**Provided records:**
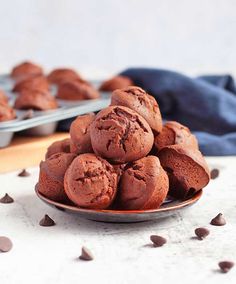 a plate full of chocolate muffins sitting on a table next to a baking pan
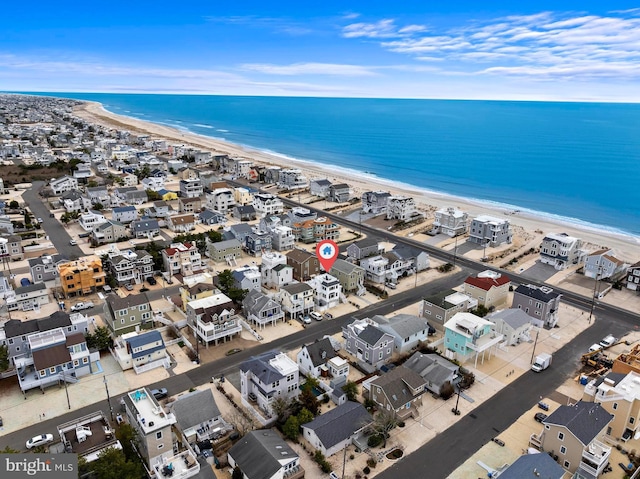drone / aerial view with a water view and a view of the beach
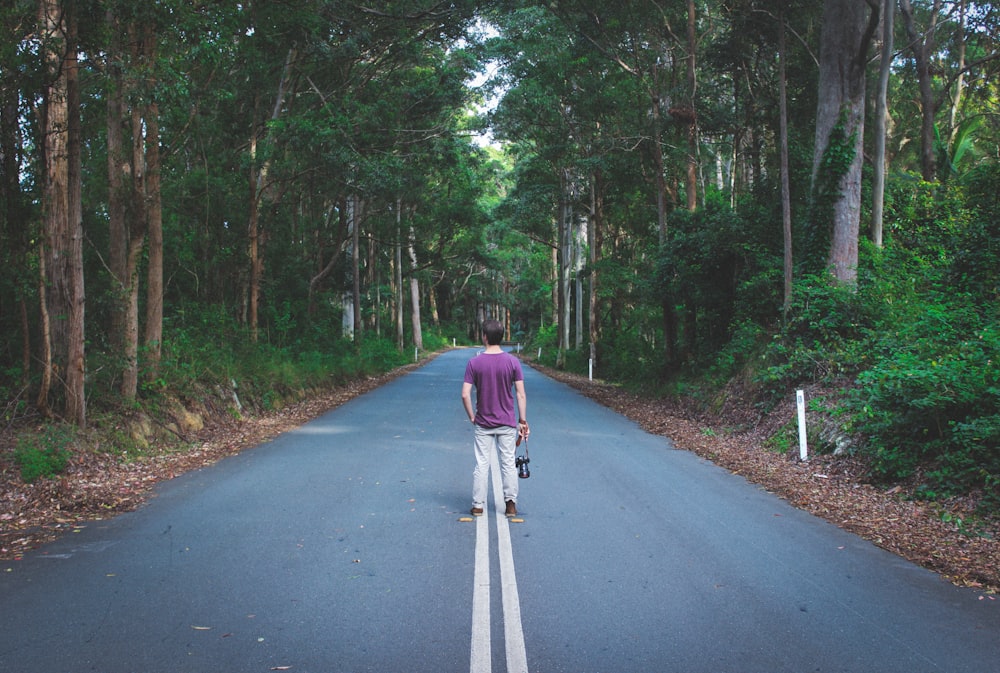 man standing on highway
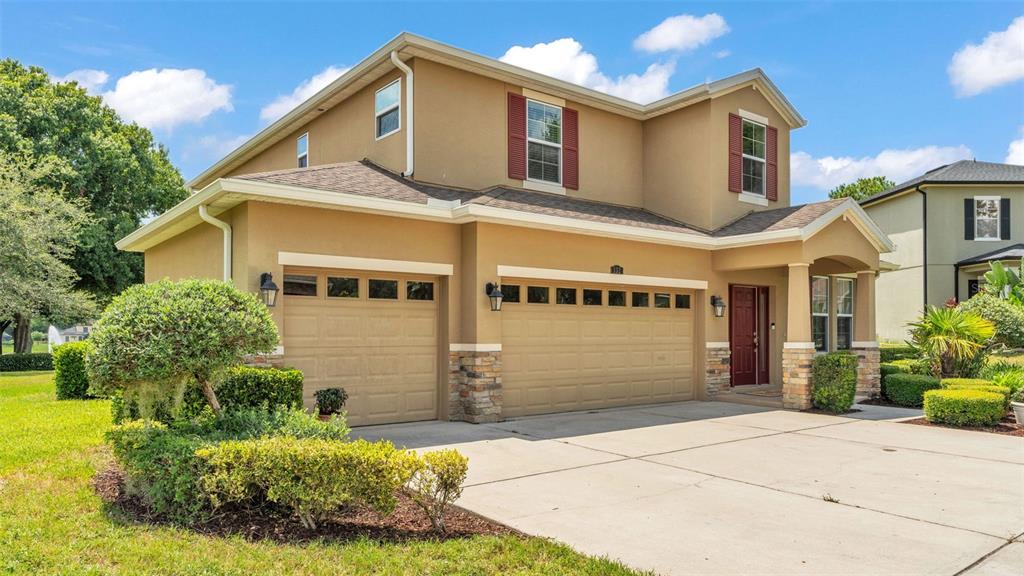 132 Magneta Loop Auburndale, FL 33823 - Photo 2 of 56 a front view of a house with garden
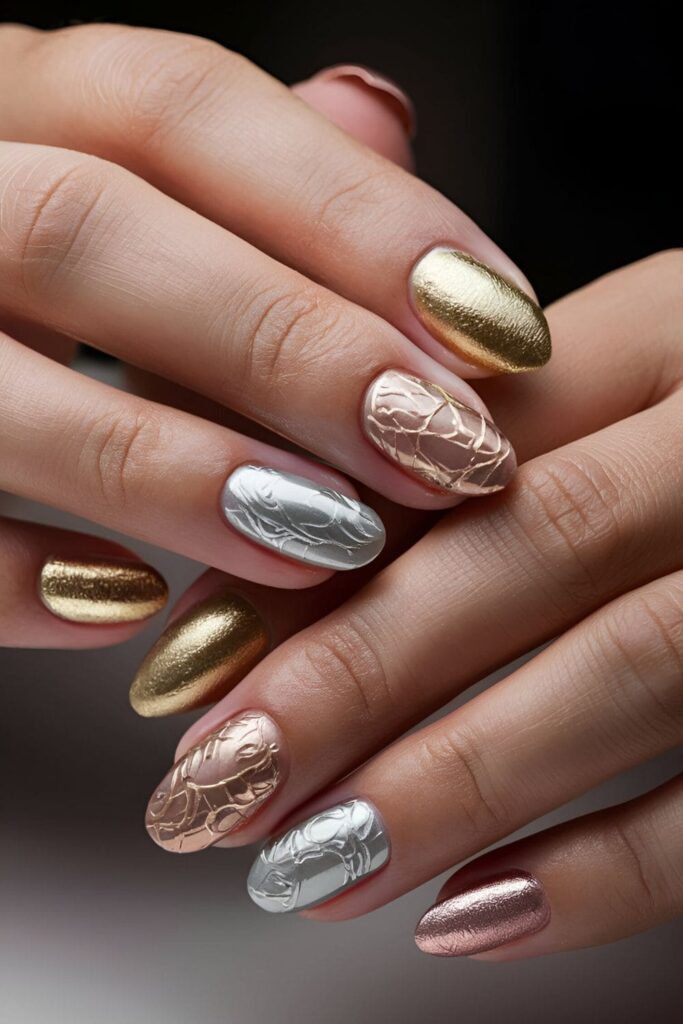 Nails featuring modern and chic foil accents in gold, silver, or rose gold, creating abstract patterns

**Work request:** The complete set of records should be written out again, pictures excluded.

**Problem solution:**
 a plate full of chocolate muffins sitting on a table next to a baking pan
drone / aerial view with a water view and a view of the beach
 man standing on highway
 132 Magneta Loop Auburndale, FL 33823 - Photo 2 of 56 a front view of a house with garden
 Nails featuring modern and chic foil accents in gold, silver, or rose gold, creating abstract patterns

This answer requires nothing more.